The short story is that the areas of St. Louis with more crime and poverty, had higher lead levels (as measured from kids in the city who were tested for lead in their blood).
Here’s their summary:
I had a bit of a skeptical reaction—not about the effects of lead, I have no idea about that—but on the statistics. Looking at those maps above, the total number of data points is not large, and those two predictors are so highly correlated, I’m surprised that they’re finding what seem to be such unambiguous effects. In the abstract it says n=459,645 blood measurements and n=490,433 crimes, but for the purpose of the regression, n is the number of census tracts in their dataset, about 100.
So I contacted the authors of the paper and one of them, Erik Nelson, did some analyses for me.
First he ran the basic regression—no Poisson, no spatial tricks, just regression of log crime rate on lead exposure and index of social/economic disadvantage. Data are at the census tract level, and lead exposure is the proportion of kids’ lead measurements from that census tract that were over some threshold. I think I’d prefer a continuous measure but that will do for now.
In this simple regression, the coefficient for lead exposure was large and statistically significant.

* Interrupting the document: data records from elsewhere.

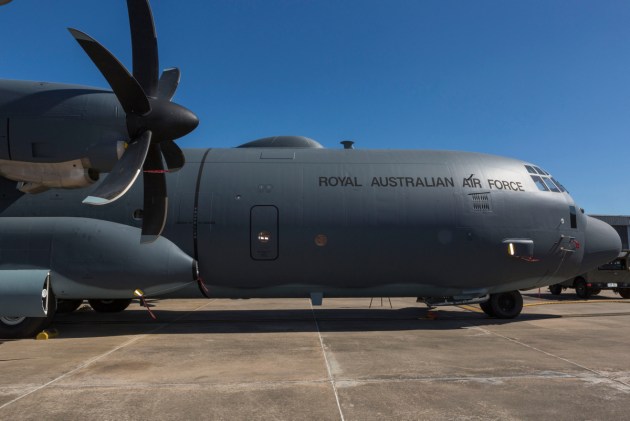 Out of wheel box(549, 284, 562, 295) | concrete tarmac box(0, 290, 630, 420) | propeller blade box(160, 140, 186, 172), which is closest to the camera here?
concrete tarmac box(0, 290, 630, 420)

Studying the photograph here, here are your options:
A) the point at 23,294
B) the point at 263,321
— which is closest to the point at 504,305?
the point at 263,321

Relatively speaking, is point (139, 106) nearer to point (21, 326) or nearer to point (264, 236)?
point (264, 236)

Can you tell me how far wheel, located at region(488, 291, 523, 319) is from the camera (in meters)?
12.9

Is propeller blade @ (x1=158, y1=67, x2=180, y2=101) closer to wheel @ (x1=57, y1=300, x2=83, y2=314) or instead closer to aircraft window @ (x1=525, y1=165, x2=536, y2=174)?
wheel @ (x1=57, y1=300, x2=83, y2=314)

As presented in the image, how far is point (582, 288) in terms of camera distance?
21.5 meters

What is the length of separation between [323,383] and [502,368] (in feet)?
10.4

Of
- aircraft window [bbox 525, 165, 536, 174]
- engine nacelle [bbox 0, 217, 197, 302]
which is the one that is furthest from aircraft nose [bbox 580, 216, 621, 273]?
engine nacelle [bbox 0, 217, 197, 302]

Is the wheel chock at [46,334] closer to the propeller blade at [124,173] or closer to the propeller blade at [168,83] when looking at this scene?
the propeller blade at [124,173]

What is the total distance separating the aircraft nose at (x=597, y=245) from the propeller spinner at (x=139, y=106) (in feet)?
39.0

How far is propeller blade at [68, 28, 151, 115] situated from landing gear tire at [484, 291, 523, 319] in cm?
1105

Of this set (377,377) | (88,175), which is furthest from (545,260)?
(88,175)

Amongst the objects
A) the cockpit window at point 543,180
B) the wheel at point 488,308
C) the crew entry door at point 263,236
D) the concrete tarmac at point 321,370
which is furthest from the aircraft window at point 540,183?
the crew entry door at point 263,236

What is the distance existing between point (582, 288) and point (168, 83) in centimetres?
2180

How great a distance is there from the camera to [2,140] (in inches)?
284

Then I asked for a scatterplot: log crime rate vs. lead exposure, indicating census tracts with three colors tied to the terciles of disadvantage.
And here it is:
He also fit a separate regression line for each tercile of disadvantage.
As you can see, the relation between lead and crime is strong, especially for census tracts with less disadvantage.
Erik also made separate plots for violent and non-violent crimes. They look pretty similar:
In summary: the data are what they are. The correlation seems real, not just an artifact of a particular regression specification. It’s all observational so we shouldn’t overinterpret it, but the pattern seems worth sharing.